> _Task instructions_
Look through the listing below, and wherever a line has the string "Length", copy it.

*** Information shown Section Begins ***

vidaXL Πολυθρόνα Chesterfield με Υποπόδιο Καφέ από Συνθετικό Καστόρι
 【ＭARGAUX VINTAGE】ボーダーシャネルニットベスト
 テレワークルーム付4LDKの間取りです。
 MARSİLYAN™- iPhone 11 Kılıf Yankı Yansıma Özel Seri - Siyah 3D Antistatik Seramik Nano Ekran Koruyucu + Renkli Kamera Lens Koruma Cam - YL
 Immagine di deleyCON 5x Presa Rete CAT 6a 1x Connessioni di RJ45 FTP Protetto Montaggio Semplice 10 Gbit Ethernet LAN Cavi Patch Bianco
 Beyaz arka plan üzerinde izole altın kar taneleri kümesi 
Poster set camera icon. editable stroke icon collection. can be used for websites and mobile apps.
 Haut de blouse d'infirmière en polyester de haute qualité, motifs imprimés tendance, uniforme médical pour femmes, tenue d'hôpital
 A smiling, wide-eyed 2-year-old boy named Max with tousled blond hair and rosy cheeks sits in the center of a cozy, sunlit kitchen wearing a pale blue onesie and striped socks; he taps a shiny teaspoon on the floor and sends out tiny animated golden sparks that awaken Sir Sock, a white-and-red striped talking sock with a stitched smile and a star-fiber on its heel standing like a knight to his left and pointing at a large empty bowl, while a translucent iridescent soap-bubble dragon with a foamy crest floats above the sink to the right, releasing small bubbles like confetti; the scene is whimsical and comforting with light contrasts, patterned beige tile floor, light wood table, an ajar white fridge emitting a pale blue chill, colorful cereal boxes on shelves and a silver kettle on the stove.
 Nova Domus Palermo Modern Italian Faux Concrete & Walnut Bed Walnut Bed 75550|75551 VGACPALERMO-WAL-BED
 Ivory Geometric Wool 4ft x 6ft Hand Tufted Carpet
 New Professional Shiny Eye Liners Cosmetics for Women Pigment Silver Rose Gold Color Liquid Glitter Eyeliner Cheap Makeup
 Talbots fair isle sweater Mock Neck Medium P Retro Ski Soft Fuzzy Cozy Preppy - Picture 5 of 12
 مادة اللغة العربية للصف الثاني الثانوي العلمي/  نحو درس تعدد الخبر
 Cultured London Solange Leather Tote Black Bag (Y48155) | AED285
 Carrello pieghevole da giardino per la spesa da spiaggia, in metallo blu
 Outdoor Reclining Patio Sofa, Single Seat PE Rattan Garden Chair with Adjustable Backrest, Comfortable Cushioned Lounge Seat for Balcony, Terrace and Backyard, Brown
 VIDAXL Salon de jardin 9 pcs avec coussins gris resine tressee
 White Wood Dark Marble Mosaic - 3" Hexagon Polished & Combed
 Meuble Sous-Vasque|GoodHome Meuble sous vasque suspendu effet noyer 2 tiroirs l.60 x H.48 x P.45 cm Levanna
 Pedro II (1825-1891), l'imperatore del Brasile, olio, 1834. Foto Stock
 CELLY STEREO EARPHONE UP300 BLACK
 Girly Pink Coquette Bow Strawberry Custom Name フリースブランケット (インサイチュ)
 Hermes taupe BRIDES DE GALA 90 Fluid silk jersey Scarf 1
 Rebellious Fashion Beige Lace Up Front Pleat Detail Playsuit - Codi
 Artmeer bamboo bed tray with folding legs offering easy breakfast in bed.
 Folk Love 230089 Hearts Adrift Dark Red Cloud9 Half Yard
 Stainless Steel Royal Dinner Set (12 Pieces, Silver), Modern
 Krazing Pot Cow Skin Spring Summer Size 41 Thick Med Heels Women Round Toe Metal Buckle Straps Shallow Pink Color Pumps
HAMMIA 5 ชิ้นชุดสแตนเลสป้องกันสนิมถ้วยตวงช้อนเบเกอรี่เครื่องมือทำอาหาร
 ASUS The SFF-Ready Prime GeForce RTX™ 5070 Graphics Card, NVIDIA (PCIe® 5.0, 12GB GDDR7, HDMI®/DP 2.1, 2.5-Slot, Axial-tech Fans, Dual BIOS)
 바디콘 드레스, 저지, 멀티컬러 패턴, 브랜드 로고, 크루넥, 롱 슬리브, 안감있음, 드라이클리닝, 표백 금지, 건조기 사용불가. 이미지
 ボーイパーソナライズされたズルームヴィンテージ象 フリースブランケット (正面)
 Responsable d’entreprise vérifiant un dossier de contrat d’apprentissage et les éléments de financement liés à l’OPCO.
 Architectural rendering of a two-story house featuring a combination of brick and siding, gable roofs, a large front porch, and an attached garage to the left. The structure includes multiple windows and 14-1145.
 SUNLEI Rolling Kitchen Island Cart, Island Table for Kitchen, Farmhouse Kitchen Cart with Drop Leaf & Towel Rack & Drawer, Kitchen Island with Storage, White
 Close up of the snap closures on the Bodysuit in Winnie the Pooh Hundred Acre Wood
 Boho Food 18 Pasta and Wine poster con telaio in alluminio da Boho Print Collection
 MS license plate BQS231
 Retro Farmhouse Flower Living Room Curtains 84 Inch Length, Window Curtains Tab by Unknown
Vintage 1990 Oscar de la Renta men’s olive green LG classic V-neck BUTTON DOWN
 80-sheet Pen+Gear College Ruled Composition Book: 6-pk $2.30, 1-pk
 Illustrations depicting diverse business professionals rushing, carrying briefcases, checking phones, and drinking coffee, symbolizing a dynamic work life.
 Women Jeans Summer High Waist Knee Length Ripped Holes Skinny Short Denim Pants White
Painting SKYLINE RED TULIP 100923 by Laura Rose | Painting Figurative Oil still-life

*** Information shown Section Ends ***

> _Answer section_
 Retro Farmhouse Flower Living Room Curtains 84 Inch Length, Window Curtains Tab by Unknown
 Women Jeans Summer High Waist Knee Length Ripped Holes Skinny Short Denim Pants White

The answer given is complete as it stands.